I want to create a derived view with the same structure, but with an extra column that is the string concatenation of the values inside the JSON column.

This attempt at query for the new view doesn't work:

SELECT E.*,
       EXTRA.VALUE AS EXTRA_COL
 FROM EXAMPLE E
 CROSS JOIN LATERAL 
   (SELECT LISTAGG(VALUE,'/') AS VALUE 
      FROM TABLE(FLATTEN(INPUT => E.SOME_JSON))) EXTRA;             

It fails with "SQL compilation error: Unsupported subquery type cannot be evaluated".

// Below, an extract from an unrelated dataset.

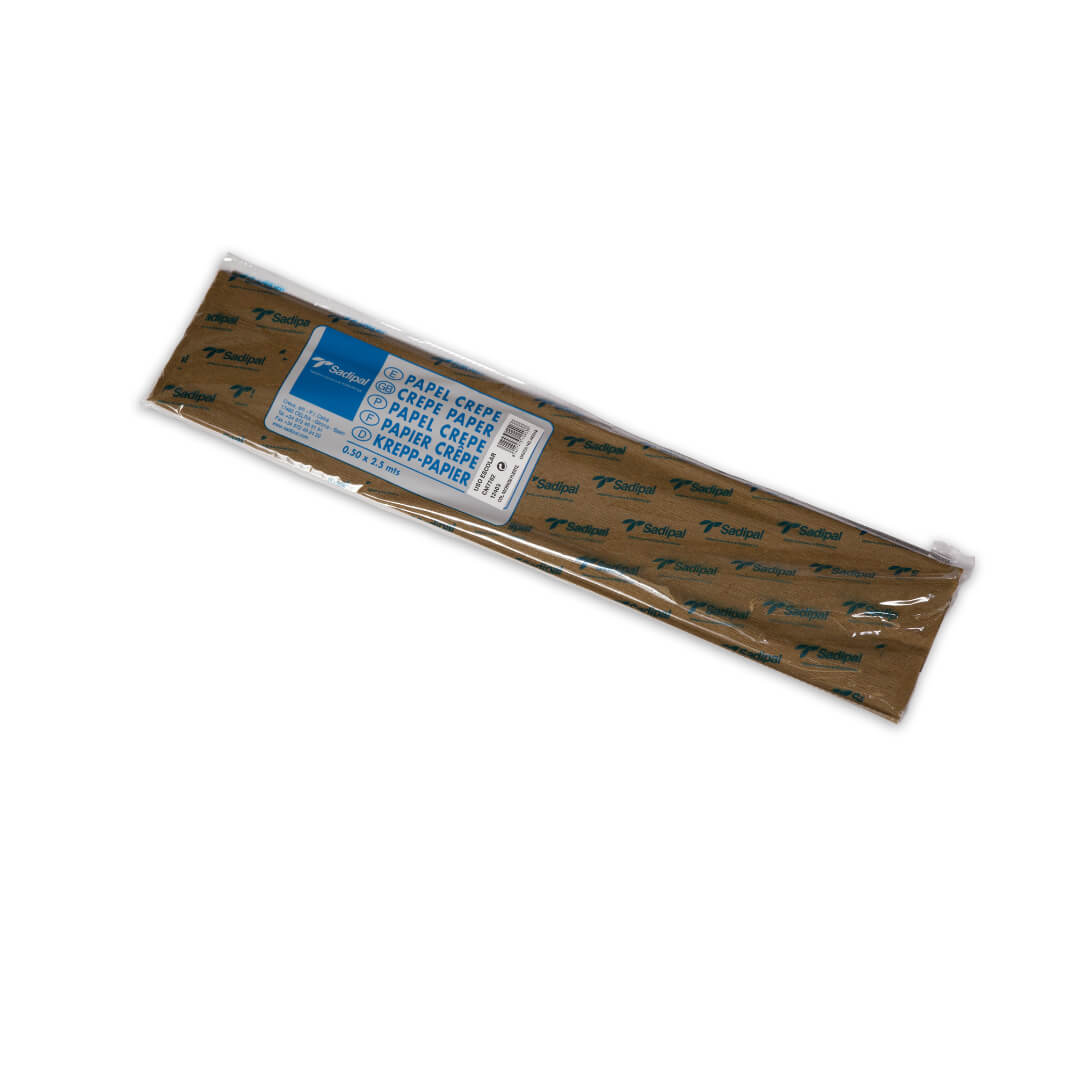 Rollo papel crepe marrón fuerte 50 x 250cm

This query using GROUP BY does work:

SELECT E.*,        
       LISTAGG(EXTRA.VALUE,'/') AS EXTRA_COL
FROM EXAMPLE E
CROSS JOIN LATERAL FLATTEN(INPUT => E.SOME_JSON) EXTRA
GROUP BY E.ID_EXAMPLE, E.SOME_JSON;

The problem is that my real table has a huge number of columns, so the GROUP BY will be cumbersome to write and maintain. Is there some way of formulating the query that doesn't involve writing the complete GROUP BY clause?


Solution

  • So moving the create to a CTE to just prove the error still happens in this form:

    WITH the_view AS (
      SELECT $1 AS ID_EXAMPLE, 
           PARSE_JSON($2) AS SOME_JSON
      FROM (VALUES ('a','[1,2]'),
                   ('b','[3,4]'))
    )
    SELECT E.*,
           EXTRA.VALUE AS EXTRA_COL
     FROM the_view E
     CROSS JOIN LATERAL 
       (SELECT LISTAGG(VALUE,'/') AS VALUE 
          FROM TABLE(FLATTEN(INPUT => E.SOME_JSON))) EXTRA;  
    

    and it does, if we move the sub-select to it's own level CTE we can join on the id_column

    WITH example AS (
      SELECT $1 AS ID_EXAMPLE, 
           PARSE_JSON($2) AS SOME_JSON
      FROM VALUES ('a','[1,2]'),
                  ('b','[3,4]')
    ), sub_process AS (
      SELECT E.ID_EXAMPLE,        
         LISTAGG(EXTRA.VALUE,'/') AS EXTRA_COL
      FROM EXAMPLE E,
      TABLE(FLATTEN(INPUT => E.SOME_JSON)) EXTRA
      GROUP BY E.ID_EXAMPLE
    )
    SELECT e.*,
           s.EXTRA_COL
     FROM example AS e
     JOIN sub_process s ON E.ID_EXAMPLE = s.ID_EXAMPLE;  
    

    which gives:

    ID_EXAMPLE  SOME_JSON   EXTRA_COL
    a   [    1,    2  ]     1/2
    b   [    3,    4  ]     3/4
    

    that seems to solve the problem.